→ **Assignment**:
Among the lines of the data, copy those that hold "Income".

Scraped caption text data
%%
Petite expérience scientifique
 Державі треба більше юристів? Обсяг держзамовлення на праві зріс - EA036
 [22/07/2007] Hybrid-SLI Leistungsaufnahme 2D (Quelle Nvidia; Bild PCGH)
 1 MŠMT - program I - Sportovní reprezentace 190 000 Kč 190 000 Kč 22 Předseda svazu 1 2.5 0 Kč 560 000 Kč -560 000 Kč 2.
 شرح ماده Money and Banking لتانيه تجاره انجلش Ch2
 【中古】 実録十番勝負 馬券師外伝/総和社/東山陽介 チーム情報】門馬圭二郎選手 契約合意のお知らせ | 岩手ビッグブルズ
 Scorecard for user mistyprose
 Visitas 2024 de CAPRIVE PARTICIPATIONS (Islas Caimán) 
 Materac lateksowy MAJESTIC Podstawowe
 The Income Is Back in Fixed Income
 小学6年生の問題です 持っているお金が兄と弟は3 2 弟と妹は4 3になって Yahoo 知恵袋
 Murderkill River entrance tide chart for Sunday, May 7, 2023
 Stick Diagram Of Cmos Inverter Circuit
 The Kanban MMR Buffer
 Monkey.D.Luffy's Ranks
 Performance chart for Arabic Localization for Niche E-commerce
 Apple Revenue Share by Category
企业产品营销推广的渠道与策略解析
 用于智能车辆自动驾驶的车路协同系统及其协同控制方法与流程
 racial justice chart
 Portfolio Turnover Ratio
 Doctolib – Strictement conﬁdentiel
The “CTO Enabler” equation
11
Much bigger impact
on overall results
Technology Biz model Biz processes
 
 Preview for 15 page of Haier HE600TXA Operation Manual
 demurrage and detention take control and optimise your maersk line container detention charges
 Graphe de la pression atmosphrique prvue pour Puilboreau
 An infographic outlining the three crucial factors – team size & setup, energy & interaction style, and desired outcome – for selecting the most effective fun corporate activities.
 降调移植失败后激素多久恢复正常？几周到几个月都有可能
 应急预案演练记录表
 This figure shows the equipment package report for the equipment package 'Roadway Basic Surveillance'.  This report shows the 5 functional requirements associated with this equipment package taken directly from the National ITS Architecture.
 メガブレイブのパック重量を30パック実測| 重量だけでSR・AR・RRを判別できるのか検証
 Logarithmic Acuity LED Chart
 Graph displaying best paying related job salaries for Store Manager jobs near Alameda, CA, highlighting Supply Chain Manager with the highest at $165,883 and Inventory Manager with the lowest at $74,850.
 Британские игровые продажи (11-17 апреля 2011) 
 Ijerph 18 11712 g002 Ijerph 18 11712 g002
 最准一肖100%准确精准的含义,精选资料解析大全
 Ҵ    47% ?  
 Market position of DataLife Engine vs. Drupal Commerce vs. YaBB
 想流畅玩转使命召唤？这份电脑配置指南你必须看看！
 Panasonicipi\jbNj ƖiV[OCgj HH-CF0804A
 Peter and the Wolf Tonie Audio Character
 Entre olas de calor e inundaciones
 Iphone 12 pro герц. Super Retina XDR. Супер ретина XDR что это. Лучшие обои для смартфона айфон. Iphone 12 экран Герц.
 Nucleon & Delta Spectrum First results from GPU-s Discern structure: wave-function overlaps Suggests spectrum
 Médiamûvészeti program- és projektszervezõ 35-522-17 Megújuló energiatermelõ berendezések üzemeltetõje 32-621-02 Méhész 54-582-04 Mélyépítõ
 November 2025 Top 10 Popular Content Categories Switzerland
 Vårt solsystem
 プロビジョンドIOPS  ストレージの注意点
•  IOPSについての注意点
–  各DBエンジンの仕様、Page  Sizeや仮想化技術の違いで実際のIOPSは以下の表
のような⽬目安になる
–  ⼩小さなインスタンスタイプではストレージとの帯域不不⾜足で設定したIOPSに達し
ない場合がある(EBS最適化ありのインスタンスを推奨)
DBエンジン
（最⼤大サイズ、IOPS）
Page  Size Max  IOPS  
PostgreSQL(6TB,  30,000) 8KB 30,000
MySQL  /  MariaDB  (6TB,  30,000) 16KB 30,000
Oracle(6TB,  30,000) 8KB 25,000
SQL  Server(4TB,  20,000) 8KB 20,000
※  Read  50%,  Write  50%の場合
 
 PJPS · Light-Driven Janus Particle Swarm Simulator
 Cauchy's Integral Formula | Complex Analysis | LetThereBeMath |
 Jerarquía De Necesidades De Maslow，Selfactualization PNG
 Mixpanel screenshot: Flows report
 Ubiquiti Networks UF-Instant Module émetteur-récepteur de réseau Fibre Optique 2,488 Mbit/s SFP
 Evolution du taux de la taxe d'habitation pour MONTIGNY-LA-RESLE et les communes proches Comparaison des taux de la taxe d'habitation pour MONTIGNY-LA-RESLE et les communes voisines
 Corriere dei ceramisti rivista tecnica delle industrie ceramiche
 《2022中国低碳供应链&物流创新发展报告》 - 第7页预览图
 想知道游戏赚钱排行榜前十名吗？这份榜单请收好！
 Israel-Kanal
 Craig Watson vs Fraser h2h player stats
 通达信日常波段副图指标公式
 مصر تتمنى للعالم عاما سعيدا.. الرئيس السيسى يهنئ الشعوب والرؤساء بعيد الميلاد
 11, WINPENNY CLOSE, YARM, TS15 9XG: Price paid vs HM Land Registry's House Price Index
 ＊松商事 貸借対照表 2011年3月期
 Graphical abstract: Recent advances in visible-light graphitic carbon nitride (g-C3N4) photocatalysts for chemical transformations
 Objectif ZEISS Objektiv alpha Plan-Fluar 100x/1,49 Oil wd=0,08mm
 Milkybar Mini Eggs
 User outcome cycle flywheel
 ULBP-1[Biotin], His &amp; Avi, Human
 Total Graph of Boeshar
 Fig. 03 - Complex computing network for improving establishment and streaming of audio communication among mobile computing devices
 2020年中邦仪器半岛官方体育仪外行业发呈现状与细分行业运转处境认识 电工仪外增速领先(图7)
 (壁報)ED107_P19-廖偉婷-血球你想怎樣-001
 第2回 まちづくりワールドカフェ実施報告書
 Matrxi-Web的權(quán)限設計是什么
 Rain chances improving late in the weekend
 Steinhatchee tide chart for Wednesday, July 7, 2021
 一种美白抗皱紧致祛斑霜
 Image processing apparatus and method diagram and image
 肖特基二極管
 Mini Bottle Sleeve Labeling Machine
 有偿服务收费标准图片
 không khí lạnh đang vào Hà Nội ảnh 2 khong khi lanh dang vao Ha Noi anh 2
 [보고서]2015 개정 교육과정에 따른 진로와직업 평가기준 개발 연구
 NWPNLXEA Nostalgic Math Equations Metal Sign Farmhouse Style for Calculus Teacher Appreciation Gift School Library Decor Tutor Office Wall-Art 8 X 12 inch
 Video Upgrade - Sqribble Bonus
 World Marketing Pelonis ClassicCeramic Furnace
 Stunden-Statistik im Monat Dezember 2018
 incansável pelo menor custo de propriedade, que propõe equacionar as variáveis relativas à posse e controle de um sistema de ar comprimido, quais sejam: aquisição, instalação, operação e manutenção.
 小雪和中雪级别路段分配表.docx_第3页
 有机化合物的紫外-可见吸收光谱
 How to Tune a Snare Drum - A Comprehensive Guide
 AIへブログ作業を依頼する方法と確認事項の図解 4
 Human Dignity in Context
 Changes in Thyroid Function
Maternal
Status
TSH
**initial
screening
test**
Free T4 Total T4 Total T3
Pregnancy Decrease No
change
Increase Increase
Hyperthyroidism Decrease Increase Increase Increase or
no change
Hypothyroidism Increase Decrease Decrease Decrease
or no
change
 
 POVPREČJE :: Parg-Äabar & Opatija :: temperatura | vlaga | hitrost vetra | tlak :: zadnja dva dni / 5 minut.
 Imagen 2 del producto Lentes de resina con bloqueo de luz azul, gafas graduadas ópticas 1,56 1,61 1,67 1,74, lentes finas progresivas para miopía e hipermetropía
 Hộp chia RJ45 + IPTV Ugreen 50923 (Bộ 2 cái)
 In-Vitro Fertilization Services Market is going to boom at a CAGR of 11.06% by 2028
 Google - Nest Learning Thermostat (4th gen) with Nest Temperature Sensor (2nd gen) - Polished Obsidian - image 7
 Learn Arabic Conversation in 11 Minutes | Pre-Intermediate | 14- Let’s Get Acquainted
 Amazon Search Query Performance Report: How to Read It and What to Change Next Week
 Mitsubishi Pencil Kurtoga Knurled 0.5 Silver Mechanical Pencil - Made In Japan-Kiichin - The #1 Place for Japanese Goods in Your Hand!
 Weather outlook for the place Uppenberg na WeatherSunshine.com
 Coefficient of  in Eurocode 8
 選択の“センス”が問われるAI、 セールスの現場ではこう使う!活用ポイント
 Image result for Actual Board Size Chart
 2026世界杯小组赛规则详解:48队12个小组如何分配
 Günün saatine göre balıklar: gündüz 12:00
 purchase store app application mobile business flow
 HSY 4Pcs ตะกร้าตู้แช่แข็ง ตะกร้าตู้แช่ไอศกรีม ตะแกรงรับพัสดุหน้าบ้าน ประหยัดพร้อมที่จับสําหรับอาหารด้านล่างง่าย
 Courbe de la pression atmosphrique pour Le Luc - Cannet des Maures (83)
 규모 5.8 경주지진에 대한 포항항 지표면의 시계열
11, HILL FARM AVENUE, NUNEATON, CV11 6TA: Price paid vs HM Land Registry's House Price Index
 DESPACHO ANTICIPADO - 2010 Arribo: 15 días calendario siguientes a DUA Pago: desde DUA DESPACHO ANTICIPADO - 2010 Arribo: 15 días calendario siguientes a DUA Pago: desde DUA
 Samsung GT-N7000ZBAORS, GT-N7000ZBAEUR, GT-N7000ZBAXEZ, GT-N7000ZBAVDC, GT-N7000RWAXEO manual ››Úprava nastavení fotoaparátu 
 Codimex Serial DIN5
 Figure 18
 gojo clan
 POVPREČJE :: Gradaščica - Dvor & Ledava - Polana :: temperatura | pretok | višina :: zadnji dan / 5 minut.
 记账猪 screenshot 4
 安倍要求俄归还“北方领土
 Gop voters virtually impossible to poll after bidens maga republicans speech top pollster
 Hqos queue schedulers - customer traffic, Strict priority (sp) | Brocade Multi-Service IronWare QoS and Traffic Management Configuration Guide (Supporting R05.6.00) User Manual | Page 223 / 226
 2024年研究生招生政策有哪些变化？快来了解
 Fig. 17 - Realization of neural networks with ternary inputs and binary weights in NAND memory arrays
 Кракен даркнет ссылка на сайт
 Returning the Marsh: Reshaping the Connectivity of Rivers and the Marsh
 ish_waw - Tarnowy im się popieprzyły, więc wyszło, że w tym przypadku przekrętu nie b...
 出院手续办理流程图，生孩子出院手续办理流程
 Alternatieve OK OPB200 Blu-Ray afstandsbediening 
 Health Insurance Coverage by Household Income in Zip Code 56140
%%
→ **Your response**:
 The Income Is Back in Fixed Income
 Health Insurance Coverage by Household Income in Zip Code 56140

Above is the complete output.